Herzgesundheit: Warum ticken Frauen anders als Männer?

gorodenkoff/istock

Unterschätzte Dimensionen

Die biologischen Unterschiede zwischen den Geschlechtern sind offensichtlich und doch oft übersehen. In keinem Bereich ist das so deutlich wie in der Medizin, insbesondere wenn es um das Herz-Kreislauf-System geht. Frauenherzen schlagen anders als Männerherzen – eine Tatsache, die weitreichende Auswirkungen auf die Gesundheit und die Behandlung von Herzkrankheiten hat. Die mangelnde Berücksichtigung von Frauen in der Herzforschung hat direkte Auswirkungen auf die Gesundheit von Frauen weltweit.

Gründe für die Unterrepräsentation

Die Unterrepräsentation von Frauen in der Herzforschung ist ein komplexes Problem mit mehreren Ursachen: Historische Vernachlässigung sowie Skepsis und Vorurteile in der medizinischen Gemeinschaft haben dazu geführt, dass Frauen in Studien oft übersehen wurden. Die hormonelle Variabilität und die unterschiedliche Symptomatik von Herzkrankheiten bei Frauen stellen zusätzliche Herausforderungen in der Forschung dar, somit war es in den letzten Jahrzehnten einfacher, diese Studien nur an – meist weißen- Männern durchzuführen.

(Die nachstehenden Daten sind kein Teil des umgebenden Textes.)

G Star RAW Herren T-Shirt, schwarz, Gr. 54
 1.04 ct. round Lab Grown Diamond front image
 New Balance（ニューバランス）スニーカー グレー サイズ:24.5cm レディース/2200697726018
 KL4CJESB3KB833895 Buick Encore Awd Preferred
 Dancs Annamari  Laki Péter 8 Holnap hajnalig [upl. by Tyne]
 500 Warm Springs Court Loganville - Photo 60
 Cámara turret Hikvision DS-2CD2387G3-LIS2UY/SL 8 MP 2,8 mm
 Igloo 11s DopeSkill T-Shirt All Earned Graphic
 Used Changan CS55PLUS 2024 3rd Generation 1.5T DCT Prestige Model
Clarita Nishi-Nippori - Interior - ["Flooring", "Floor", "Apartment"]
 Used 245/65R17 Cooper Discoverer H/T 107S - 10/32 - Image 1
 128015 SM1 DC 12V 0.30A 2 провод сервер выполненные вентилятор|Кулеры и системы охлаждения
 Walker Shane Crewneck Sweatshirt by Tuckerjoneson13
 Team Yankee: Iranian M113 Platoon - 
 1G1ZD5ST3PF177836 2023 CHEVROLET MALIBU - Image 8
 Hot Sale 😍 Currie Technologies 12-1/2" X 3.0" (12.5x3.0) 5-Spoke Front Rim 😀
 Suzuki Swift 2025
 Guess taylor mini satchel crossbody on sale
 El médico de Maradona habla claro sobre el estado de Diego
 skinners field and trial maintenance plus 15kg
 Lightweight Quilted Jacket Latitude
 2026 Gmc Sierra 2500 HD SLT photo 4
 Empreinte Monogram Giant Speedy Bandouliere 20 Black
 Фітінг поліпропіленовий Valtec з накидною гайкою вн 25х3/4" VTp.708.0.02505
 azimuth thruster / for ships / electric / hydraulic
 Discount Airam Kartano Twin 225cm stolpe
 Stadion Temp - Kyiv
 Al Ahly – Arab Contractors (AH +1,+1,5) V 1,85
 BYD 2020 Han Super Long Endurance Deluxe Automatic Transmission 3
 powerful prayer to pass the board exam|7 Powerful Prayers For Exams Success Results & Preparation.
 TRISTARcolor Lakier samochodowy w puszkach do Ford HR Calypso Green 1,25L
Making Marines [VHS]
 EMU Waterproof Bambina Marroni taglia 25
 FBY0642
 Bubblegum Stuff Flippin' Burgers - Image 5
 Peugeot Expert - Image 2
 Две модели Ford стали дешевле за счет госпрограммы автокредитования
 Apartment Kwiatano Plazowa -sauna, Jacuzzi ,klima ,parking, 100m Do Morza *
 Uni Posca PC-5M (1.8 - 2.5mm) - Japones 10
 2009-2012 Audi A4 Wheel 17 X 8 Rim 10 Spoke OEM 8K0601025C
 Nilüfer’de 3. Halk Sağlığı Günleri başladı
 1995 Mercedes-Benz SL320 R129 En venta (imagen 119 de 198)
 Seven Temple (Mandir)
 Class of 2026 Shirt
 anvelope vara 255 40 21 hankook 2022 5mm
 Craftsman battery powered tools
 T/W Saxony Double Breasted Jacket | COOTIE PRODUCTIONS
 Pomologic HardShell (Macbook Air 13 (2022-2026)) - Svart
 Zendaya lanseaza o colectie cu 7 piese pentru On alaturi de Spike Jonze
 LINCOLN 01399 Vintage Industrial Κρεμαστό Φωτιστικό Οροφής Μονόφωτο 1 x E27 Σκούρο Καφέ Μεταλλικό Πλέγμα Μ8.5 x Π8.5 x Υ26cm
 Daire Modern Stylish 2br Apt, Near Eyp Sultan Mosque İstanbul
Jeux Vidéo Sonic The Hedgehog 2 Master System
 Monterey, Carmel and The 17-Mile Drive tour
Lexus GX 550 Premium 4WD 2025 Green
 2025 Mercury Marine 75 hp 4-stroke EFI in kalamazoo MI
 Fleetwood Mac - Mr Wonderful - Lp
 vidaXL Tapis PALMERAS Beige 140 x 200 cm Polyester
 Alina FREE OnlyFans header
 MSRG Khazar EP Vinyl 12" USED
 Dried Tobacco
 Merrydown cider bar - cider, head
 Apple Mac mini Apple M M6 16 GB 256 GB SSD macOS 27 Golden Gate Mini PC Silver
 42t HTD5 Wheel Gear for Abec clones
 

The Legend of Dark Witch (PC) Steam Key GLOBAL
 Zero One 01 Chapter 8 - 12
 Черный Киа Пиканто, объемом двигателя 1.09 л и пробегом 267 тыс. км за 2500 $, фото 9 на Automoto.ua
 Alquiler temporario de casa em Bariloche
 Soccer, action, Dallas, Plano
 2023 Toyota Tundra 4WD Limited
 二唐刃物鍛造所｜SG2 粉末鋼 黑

Frauen leben länger, aber ungesünder

Zahlreiche medizinische Artikel zeigen, dass Frauen in klinischen Studien zur Herzgesundheit chronisch zu gering vertreten sind. Das führt zu einem Mangel an Daten über die Herzgesundheit von Frauen und erschwert es Ärzten, geeignete Behandlungsstrategien zu entwickeln. Eine an der Universität Harvard durchgeführte Studie ergab, dass weniger als ein Drittel der Herz-Kreislauf-Studien geschlechtsspezifische Analysen enthalten, was die Notwendigkeit unterstreicht, die Forschung in diesem Bereich zu verbessern. Diese Unterrepräsentation hat schwerwiegende Folgen, denn obwohl Frauen im Durchschnitt länger leben, haben sie oftmals mehr gesundheitliche Probleme.

Andere Symptome wie Männer

Frauen können vor einem Herzinfarkt unterschiedliche Symptome zeigen im Vergleich zu Männern. Neben klassischen Anzeichen wie Brustschmerzen, die sich auf den linken Arm ausbreiten können, gibt es subtilere und weniger typische Symptome. Diese umfassen atypische Brustschmerzen, Atemnot, Müdigkeit, Übelkeit, Rücken- oder Kieferschmerzen sowie Schwindelgefühle und Schwäche. Es ist wichtig zu betonen, dass diese Symptome bei Frauen auftreten können, jedoch nicht ausschließlich. Die Anerkennung und Sensibilisierung für diese vielfältigen Symptome sind entscheidend, um Herzinfarkte bei Frauen rechtzeitig zu erkennen und angemessen zu behandeln. Auch das Risiko, nach einem Herzinfarkt zu sterben, ist bei Frauen mehr als doppelt so hoch wie bei Männern. Das geht aus einer portugiesischen Studie hervor, die auf dem Kongress Heart Failure 2023 der Europäischen Gesellschaft für Kardiologie (ESC) vorgestellt wurde.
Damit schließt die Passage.